RECORDS FOR THE TASK.
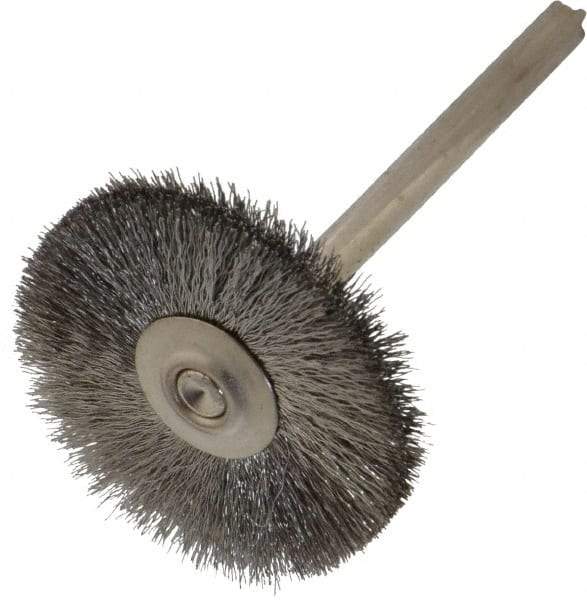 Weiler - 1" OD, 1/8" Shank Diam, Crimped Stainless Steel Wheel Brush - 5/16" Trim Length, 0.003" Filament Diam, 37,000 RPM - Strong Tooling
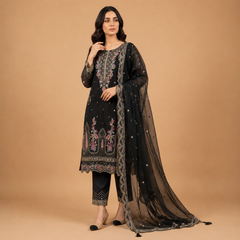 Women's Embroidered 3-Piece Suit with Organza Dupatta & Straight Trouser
* * *
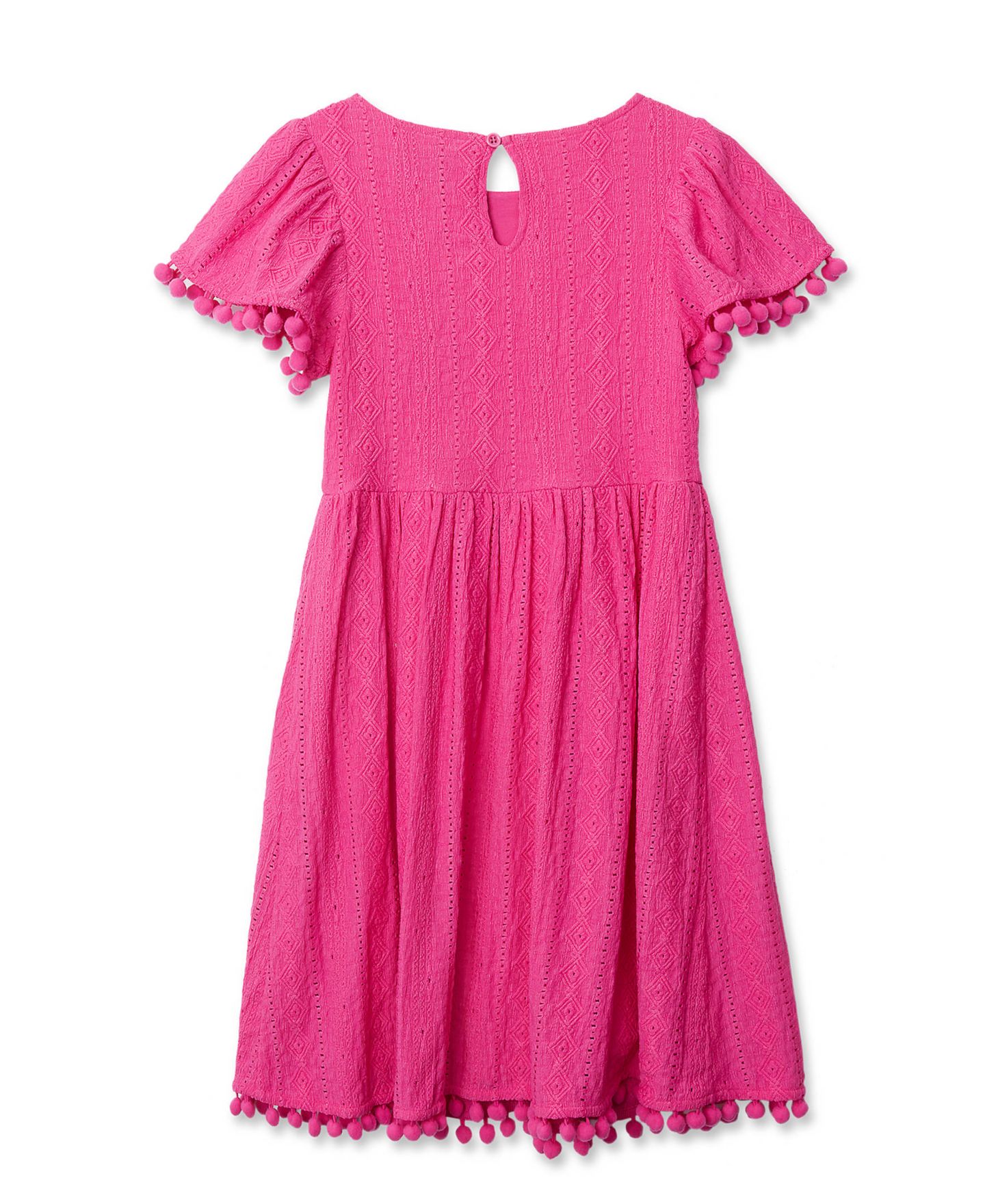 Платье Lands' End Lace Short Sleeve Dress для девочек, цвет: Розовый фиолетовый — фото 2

TASK STATEMENT. Transcribe the listing above exactly, but only from the line with "- Strong Tooling" through the line with "Women's Embroidered 3-Piece". Include both of those lines and omit the pictures.

SOLUTION FOR THIS TASK.
 Weiler - 1" OD, 1/8" Shank Diam, Crimped Stainless Steel Wheel Brush - 5/16" Trim Length, 0.003" Filament Diam, 37,000 RPM - Strong Tooling
 Women's Embroidered 3-Piece Suit with Organza Dupatta & Straight Trouser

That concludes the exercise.